- Born: New York City, New York, U.S.
- Education: Bryn Mawr College New York University

= Sharon E. J. Gerstel =

Byzantine art historian and archeologist

Sharon E. J. Gerstel (Greek: Σάρον Γκερστέλ) is an American art historian and archaeologist. She is Professor of Byzantine Art & Archaeology, George P. Kolovos Family Centennial Term Chair in Hellenic Studies, and Director of the UCLA Stavros Niarchos Foundation (SNF) Center for the Study of Hellenic Culture.

== Life ==
Sharon E. J. Gerstel was born in New York City. She attended Bryn Mawr College and the Institute of Fine Arts at New York University where she studied Byzantine Art History and History.

After completing studies and fieldwork in Thessaloniki, she joined the faculty of the University of Maryland, where she taught Byzantine art history from 1994-2004 holding, at the same time, a position at Dumbarton Oaks.

In 2005, she joined the faculty of the UCLA where she was promoted to Full Professor in 2007. From 2016-2018, she served as Associate Director of the Center for Medieval and Renaissance Studies at UCLA and was named inaugural director of the UCLA Stavros Niarchos Foundation Center for the Study of Hellenic Culture in 2019, a position she continues to hold.

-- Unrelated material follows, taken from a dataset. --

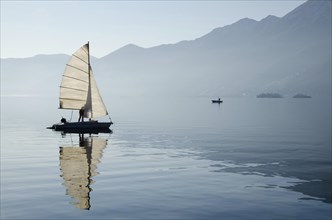 Old Sailing Boat Reflected on Lake Maggiore with Brissago Islands and Mountains in a Misty Sunny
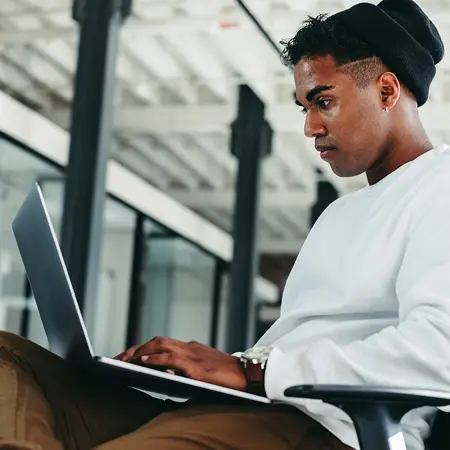 Web development student works on a project on their laptop.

Her research focuses primarily on village communities in Greece, and particularly on the province of Laconia. In 2014, together with Chris Kyriakakis (Professor of Electrical Engineering, USC), Gerstel and a team of scholars undertook research on the acoustics of Byzantine churches in Thessaloniki. In 2023, as part of the program Gefyra, funded by the Stavros Niarchos Foundation, she initiated a collaboration with the Cultural Society of Geraki to study and publish traditional weavings from the village.

In 2020, Gerstel criticized plans to convert the Hagia Sophia into a mosque, calling it "anti-Orthodox" and "an attempt at cultural erasure".

== Personal life ==
Gerstel moved to Los Angeles in 2005. She has one child.

== Awards and recognition ==
In recognition of her service to the Hellenic Republic, she was awarded honorary citizenship in 2021 and, in the same year, was named a Commander of the Order of the Phoenix, one of Greece’s highest honors. For her publications, she has been awarded the prestigious Runciman Prize, the inaugural book prize by the International Center for Medieval Art (ICMA), and the Maria Theochari Prize by the Christian Archaeological Society in Greece.

She has been the recipient of numerous fellowships, including a 2010 Guggenheim Fellowship in Medieval History. She was also awarded the Theodore Saloutos Award by the American Hellenic Council in 2019 and was honored, in the same year, by the Hellenic Society of Constantinople.

== Notable publications ==

=== Books and edited volumes ===
- Beholding the Sacred Mysteries: Programs of the Byzantine Sanctuary, CAA Monograph on the Fine Arts LVI (Seattle and London: University of Washington Press, 1999).
- "Rural Lives and Landscapes in Late Byzantium: Art, Archaeology, and Ethnography"
- Gerstel, Sharon E. J. (2001). "A Lost Art Rediscovered: The Architectural Ceramics of Byzantium"
- "Thresholds of the Sacred: Architectural, Art Historical, Liturgical, and Theological Perspectives on Religious Screens, East and West" (2006)
- Gerstel, Sharon E. J. (2013). "Viewing the Morea: Land and People in the Late Medieval Peloponnese"
- Gerstel, Sharon E. J. (2024). "Weaving Dreams: Kilims from Geraki, Laconia"

=== Articles and book chapters ===
- Gerstel, Sharon E. J. (1997). "St. Eudokia and the Imperial Household of Leo VI"
- “Recording Village History: The Church of Hagioi Theodoroi, Vamvaka,” Journal of Modern Greek Studies 38 (2020), 21-42.
- Gerstel, Sharon E. J. (2023). "Bouboulina and the Greek Revolution: Interdisciplinary Perspectives on the Heroine of 1821"

=== Interviews in popular journals and newspapers ===
- "Σάρον Γκέρστελ για τα αρχαία της Βενιζέλου: 'Η καρδιά μου ραγίζει για αυτό που θα συμβεί'" (2021)
- "Hagia Sophia stripped of museum status, paving its return to a mosque" (2020)

== Filmography ==
- “Inside the Atelier,” Creator. Documents a book project for children from Los Angeles’ first ‘parent trigger’ school.
- “Blessings and Vows,” Executive Producer, 2018. Public impact research in Vamvaka, Mani.